Lake Mendocino was largely dried up due to drought conditions in January. Photo by Bobby Cochran Photography courtesy of Russian River Flood Control, & Water Conservation Improvement District


California Gov. Gavin Newsom today declared a drought emergency for parched water systems along the Russian River watershed that serve hundreds of thousands of Californians in two counties.

The emergency declaration will give state agencies the power to relax some water quality requirements, allowing more water to be stored in reservoirs serving Mendocino and Sonoma counties.

Most of the state is suffering severe drought conditions due to low rainfall and snowpack, but state water officials said that the other regions aren’t hit hard enough yet to declare a statewide emergency.

Standing on the edge of Lake Mendocino, a rain-fed reservoir rimmed with a cracked crust of mud, Newsom said he is preparing statewide by issuing a separate order calling for a range of actions, including improved monitoring of groundwater pumping and identifying vulnerable rural water systems with tenuous water supplies.

“We’ve barely been out of those drought conditions (in recent years) and here we are, entering back into those drought conditions,” Newsom said.

California’s last drought began in 2012 and spanned five years.

Newsom’s new drought emergency declaration focuses specifically on the Russian River watershed, which spans Sonoma and Mendocino counties and has been hardest hit by the drought desiccating California. The region relies on rainfall, and is isolated from state and federal aqueducts.

It is also home to the endangered Coho salmon and the threatened Chinook salmon and Steelhead trout, which will be at risk if too much water is diverted from the river for farms and taps.

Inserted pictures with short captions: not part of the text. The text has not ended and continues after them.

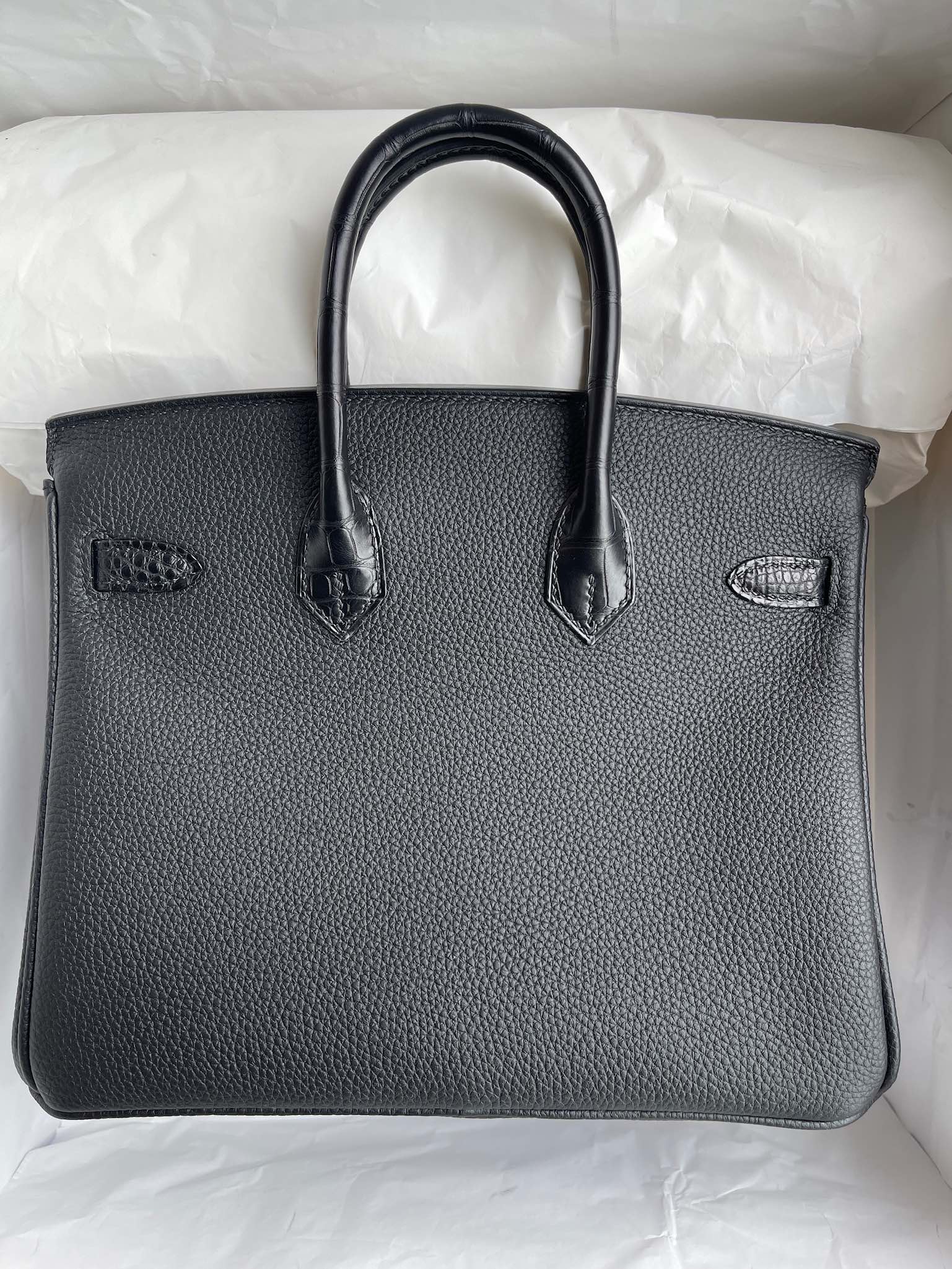 Hermès（爱马仕）Touch 系列 Birkin 铂金包 ck89 黑色 Noir 雾面鳄鱼 银扣 25cm 顶级手缝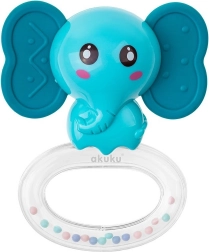 Silikonowy gryzak z grzechotką Akuku słoń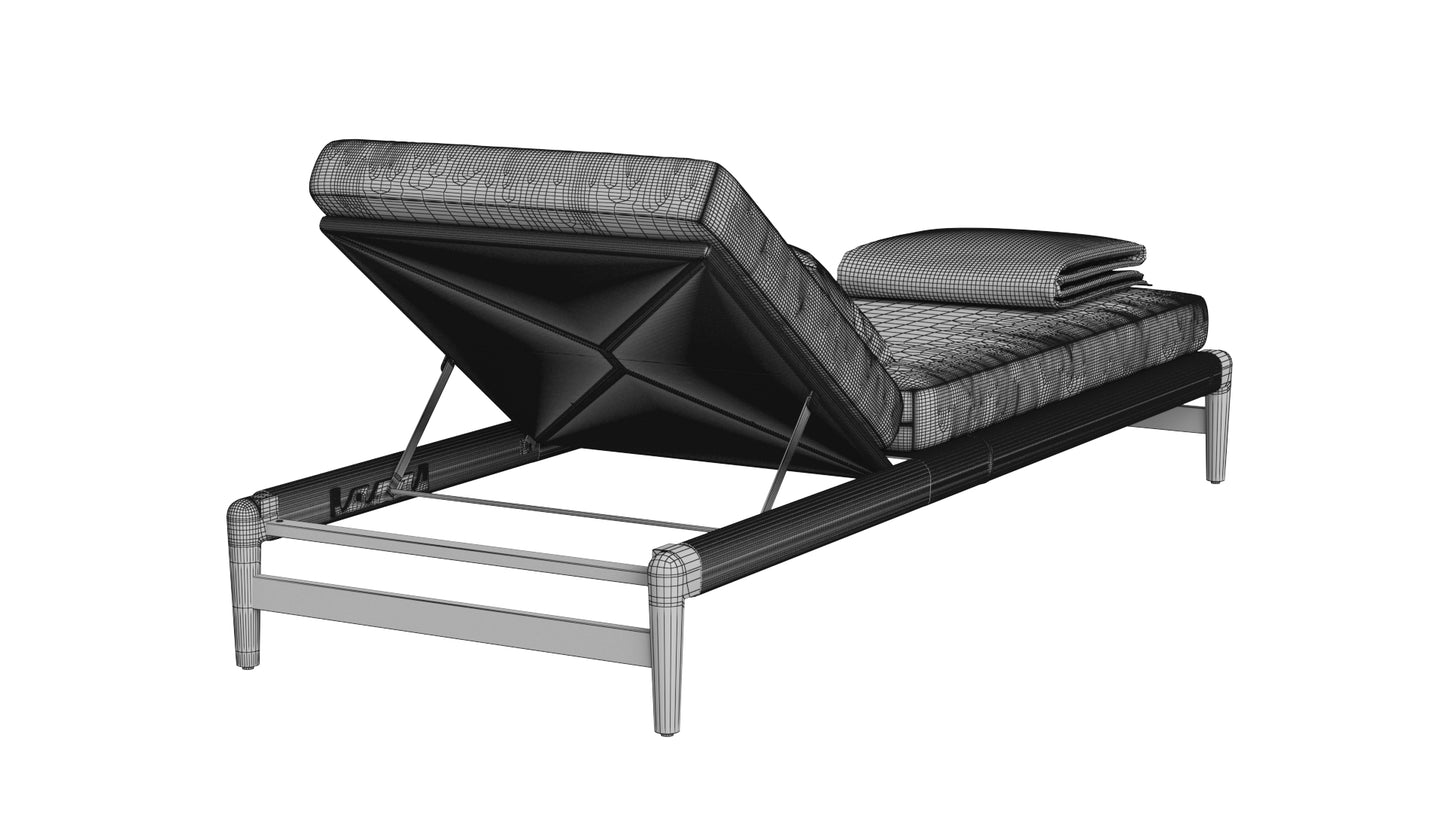 RH Evia Teak Chaise 3D Model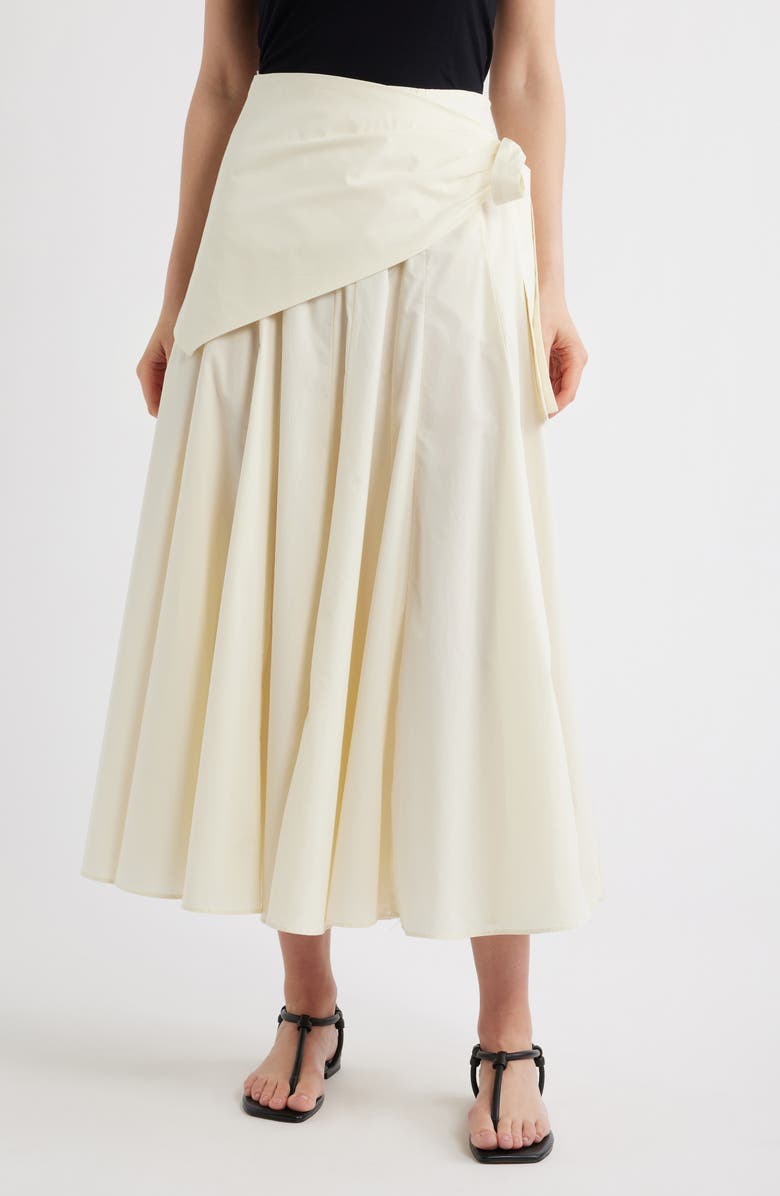 MANGO Falda Milos Faux Wrap Cotton Skirt, Main, color, Off White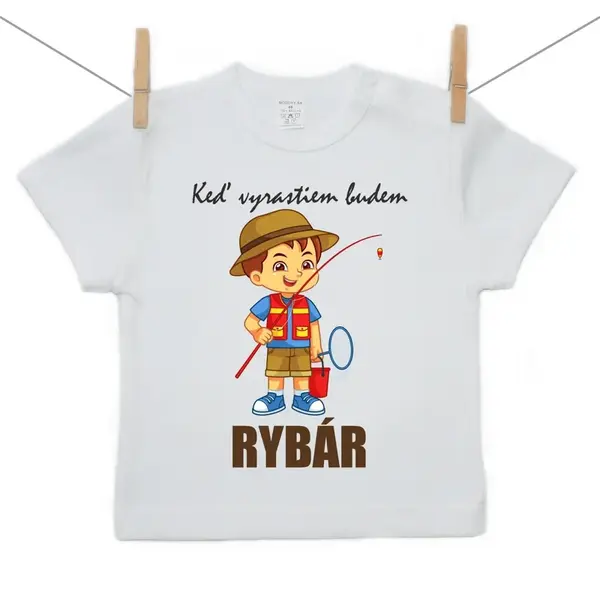 Boodyy Tričko s krátkym rukávom Keď vyrastiem budem rybár 98 (2-3 roky)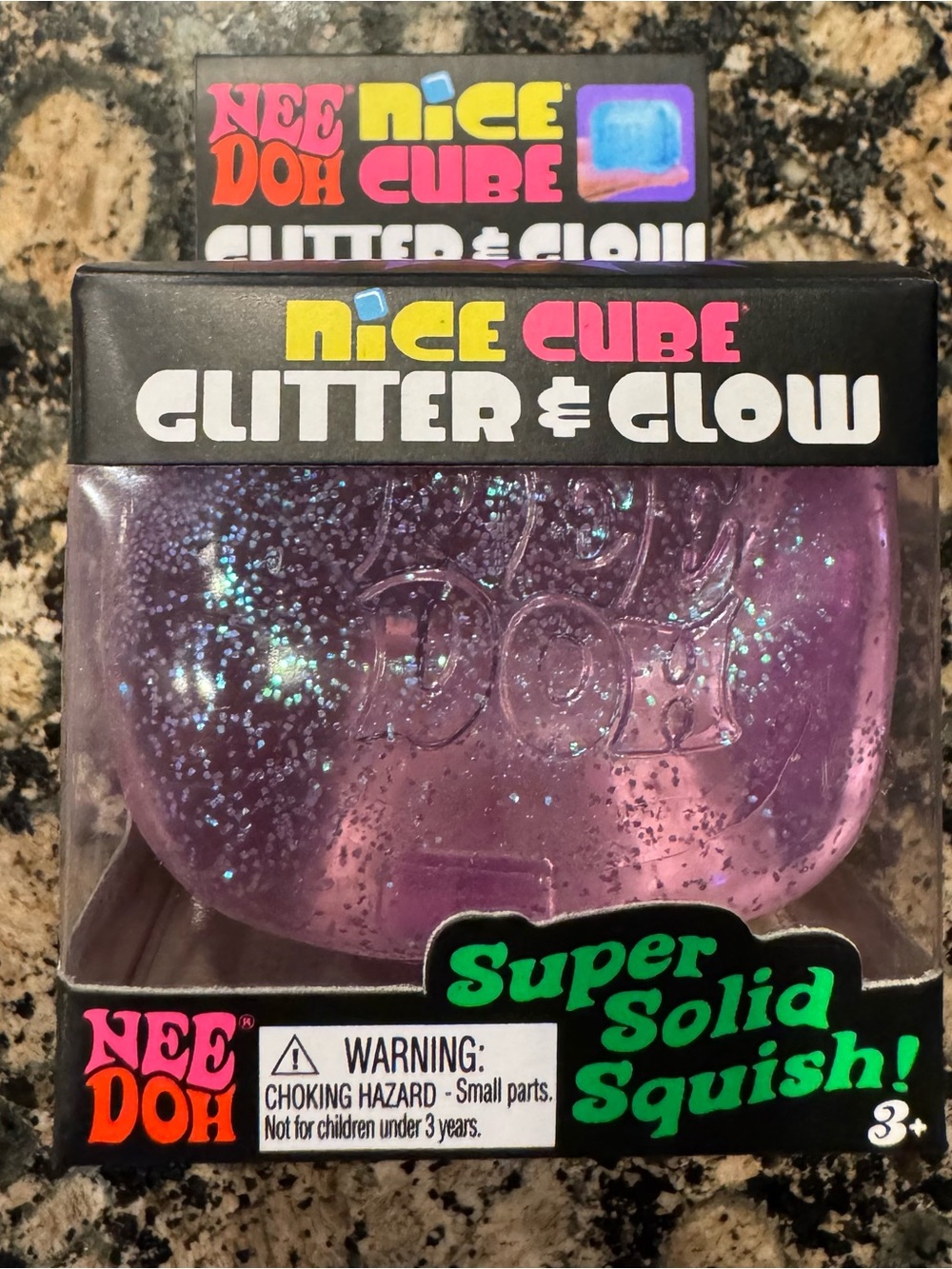 NeeDoh Nice Cube Glitter & Glow Super Solid Squish - Purple - Picture 4 of 4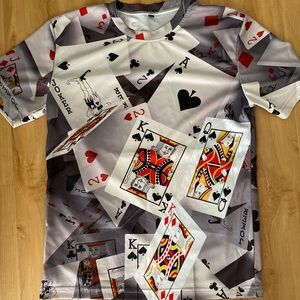 Mens Small Cotton - All over print Playing Cards Shirt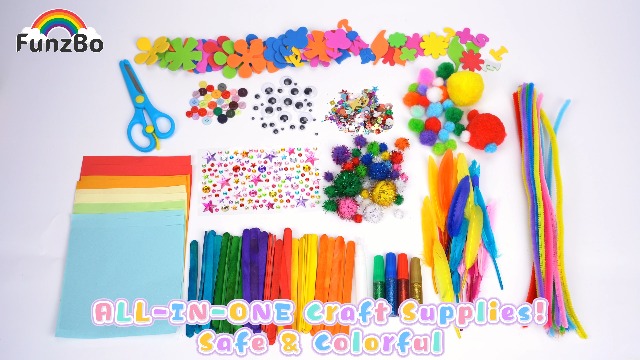 Amazon.com: FUNZBO Arts and Crafts Supplies for Kids - Toddlers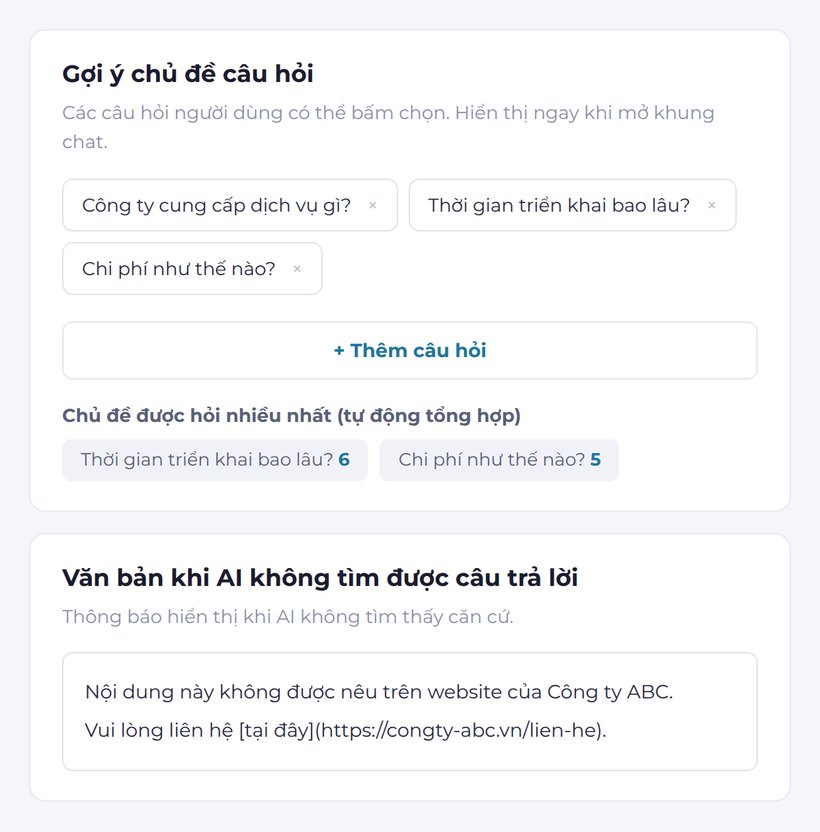 Gợi ý chủ đề câu hỏi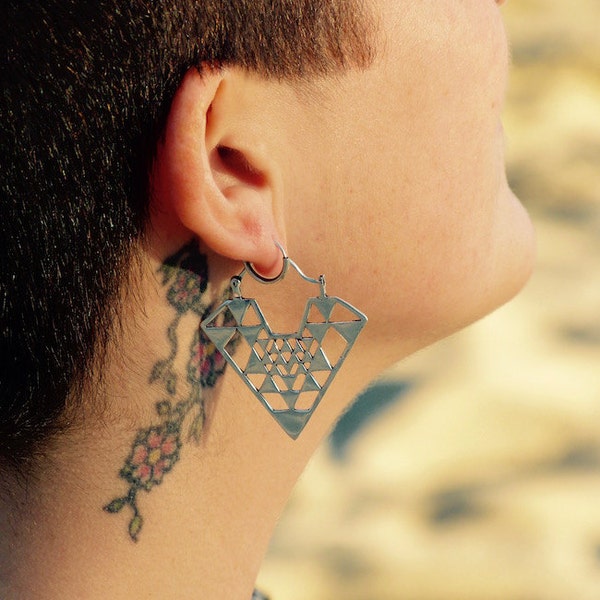 Yatra earrings- silver plated earrings- boho jewelry- sacred geometry earrings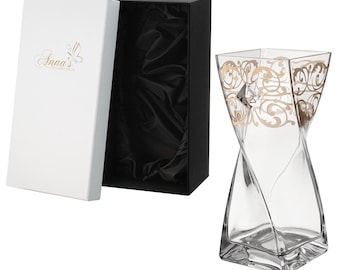 Large Luxury Glass Vase 30 cm - Luxury Gift Box - Clear Mouth Blown Glass - 11.8 in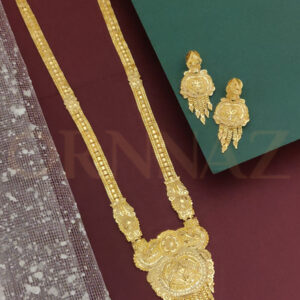 Flower Design Pendant with Latkan 1 Gram Long Haram Necklace Set
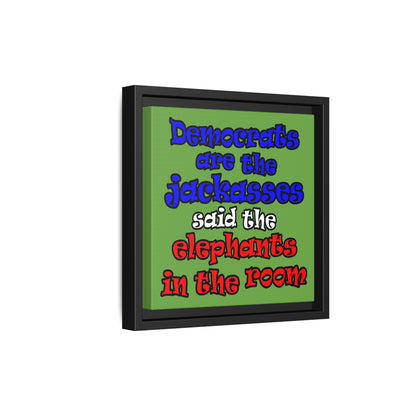 donkeys and elephants - framed canvas art (green)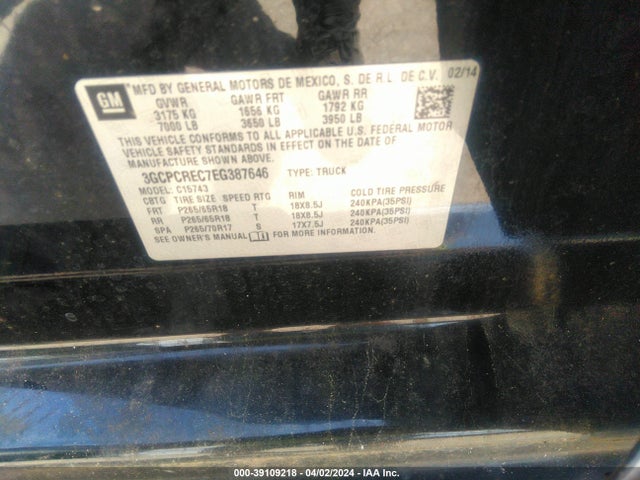 Chevrolet Silverado 1500 1lt 2014 3GCPCREC7EG387646 Image 9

The emergency order will allow state officials, if necessary, to restrict the amount diverted and speed up contracts for certain services, such as relocating fish stranded in drying puddles.

“It’s a fairly isolated watershed, and as a result, in the second dry year, is experiencing acute dry conditions that threaten not only the ability to provide water for communities for domestic use, but then also certain imperiled fish populations,” Natural Resources Secretary Wade Crowfoot said in an interview with CalMatters.

The drought emergency focuses specifically on the Russian River watershed, which spans Sonoma and Mendocino counties and has been hardest hit by the drought desiccating California.

Sonoma Water, a major provider in the region that serves 600,000 Sonoma and Marin County residents, has seen water levels in the region’s two major reservoirs reach historic lows. Lake Sonoma and Lake Mendocino have hit 62% and 43% capacity, respectively — lower than during the peak of the last drought when dry mud cracked around the puddle of Lake Mendocino’s remaining water.

Rainfall in the city of Ukiah has reached only 39% of average so far this year, beating dryness records set during the severe 1976-1977 drought. In Santa Rosa, precipitation has dipped to 38% of average.

Already, Sonoma Water has reduced flows out of the Coyote Valley Dam on Lake Mendocino to the lowest they can go, said Brad Sherwood, a Sonoma Water spokesperson.

“If we get no additional rainfall, and we can’t reduce diversions off the river, then there’s a true possibility that that reservoir will essentially dry up,” Sherwood said. “We project it will get to a level where we don’t even know if we’ll be able to get water out of it.”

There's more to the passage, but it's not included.